Warum wären Sie informiert worden?
Ich war Honeckers Stellvertreter. Sie können ganz sicher sein, von einem Mord durch Neonazis hätte ich sogar nachts erfahren. Für besondere Vorkommnisse, und dies wäre eines gewesen, gab es eine Meldepflicht bis zum Partei- und Staatschef der DDR. In diesem konkreten Fall hätten die Ministerien des Inneren und für Staatssicherheit, die zuständige SED-Bezirksleitung und der Rat des Bezirkes, die Deutsche Reichsbahn und schließlich die Staatsanwaltschaft davon erfahren und nach oben gemeldet. Undenkbar, dass Erich Honecker, der unter den Nazis zehn Jahre im Gefängnis saß, mich nicht beauftragt hätte, so einen Vorfall auszuwerten. Undenkbar auch, dass Hermann Axen, der im Politbüro für Außenpolitik zuständig war, dem die SS einst die Häftlingsnummer 58787 eingebrannt hatte, eine Vertuschung mitgetragen hätte.
Sie erinnern sich heute noch an die Nummer?
Ja, Axen war in den Konzentrationslagern Auschwitz und Buchenwald.
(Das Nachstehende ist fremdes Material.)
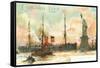 Painting, Cunard Line Ship Passing Statue of Liberty, New York City-null-Framed Stretched Canvas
An warmen Sommertagen trug er auf Sitzungen des Politbüros gerne kurzärmlige Polohemden. Da war die Nummer zu sehen, ich habe sie nicht vergessen.
Könnte ein Mord nicht aber genau deswegen verschwiegen worden sein: Weil es eben in der DDR keine Neonazi-Banden geben durfte?
Das ist eine Nachwende-Deutung, die ich nicht teile. Die Unterstellung, dass nicht sein kann, was nicht sein darf, trifft hier nicht zu. Warum hätten wir einen rassistischen Mord unter den Teppich kehren sollen! Bekundungen von Glaubens-, Rassen- und Völkerhass wurden in der DDR als Verbrechen geahndet. Das war Verfassungsgrundsatz.
Hätte die Stasi den Mord in den Akten verschweigen können?